Japanese investor demand is also extremely conservative. "Many Japanese investors, especially retail investors, have been burned over the past decade when they've tried to diversify into, for example, US Treasuries and Australian dollar issues," says Edward Thomas, credit trader at Nomura in London. "Necessarily it's put them off further forays into foreign bonds."
Another limitation is that domestic institutional clients - the very clients that might be prepared to take greater risk by buying international names and getting a yield pick-up - have not made the wholesale switch from equity holdings to fixed income that has been seen elsewhere in the world, says Satoshi Yui, head of flow trading at BNP Paribas in Tokyo.
This is largely because the culture of liability matching that is increasing demand for credit in other markets has yet to take root in Japan. "There isn't the transparency regarding asset allocation and liability matching that exists in other developed markets because regulators have not yet made it an important issue," he says. "And, unsurprisingly, few investors have taken the initiative themselves."
Equally, the Japanese domestic market remains of little interest for international investors.
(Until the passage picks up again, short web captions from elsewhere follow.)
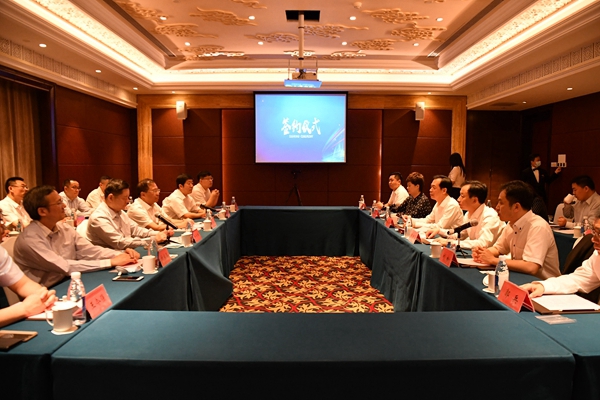 市中區(qū)政府、中國(guó)鐵塔山東省分公司、山東三箭集團(tuán)舉行項(xiàng)目合作簽約儀式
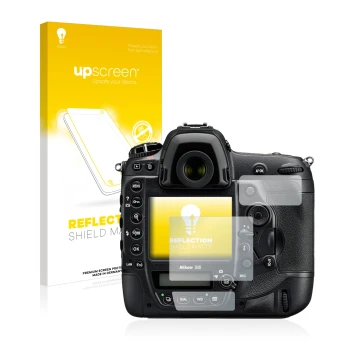 Face avant d’un emballage produit avec le logo de la marque upscreen. À côté, l’appareil Nikon D5 est représenté avec la prote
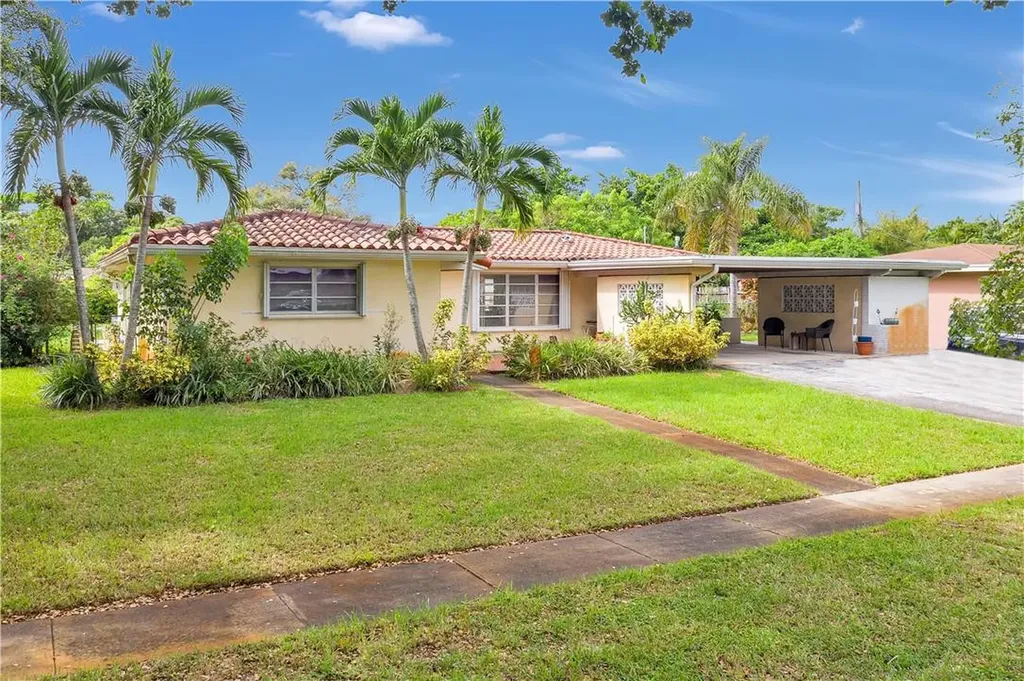 885 Gardenia Lane Plantation FL 33317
Although corporate bond issuance edged up slightly to Yen6.85 trillion ($62 billion) in 2005, it was outpaced by redemptions of Yen7.41 trillion ($67 billion), according to statistics from the Japan Securities Dealers Association. Redemptions have soared as the economy has recovered and companies have used the opportunity to reduce debt.
The result of a contracting credit market has been tighter spreads. Nomura's Thomas notes that a single-A rated credit in Japan might trade at single digits over yen Libor while a similar European name, such as Philips, might trade at triple digits over yen Libor. One explanation is that Japanese credits have lower default rates than foreign names, largely due to the historical support they have enjoyed through cross-shareholdings and strong bank involvement. But the upshot of this is straightforward: "There's not much value to attract yield-hungry international investors," notes Yui.
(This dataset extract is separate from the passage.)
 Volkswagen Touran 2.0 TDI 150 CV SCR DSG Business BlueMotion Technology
The combination of international isolation and tight spreads might be thought to make Japan one of the world's least attractive credit markets. However the structured credit market, in contrast to corporate bond issuance, has grown rapidly in recent years: anecdotal evidence indicates that the market grew by 50% year-on-year in 2005. Indeed it could yet be the spark that, given time, ignites a broader interest in credit.
Initially the structured credit market - largely cash and synthetic collateralised debt obligations (CDOs), although there has been a parallel growth of single-name structured notes in Japan backed by Japanese government bonds and structured products using credit default swaps (CDS) - was largely focused on domestic products. Until two years ago up to 95% of names in CDOs were Japanese; investors were eager to consider new products but uneasy about straying outside their comfort zone.
However as spreads tightened and arbitrage opportunities diminished for structurers, investors began to be convinced that investing in products containing international names could be advantageous. By 2004 the Japanese market was split roughly evenly between domestic and global names in CDOs; now Japanese names constitute an average of just 10% of CDO products.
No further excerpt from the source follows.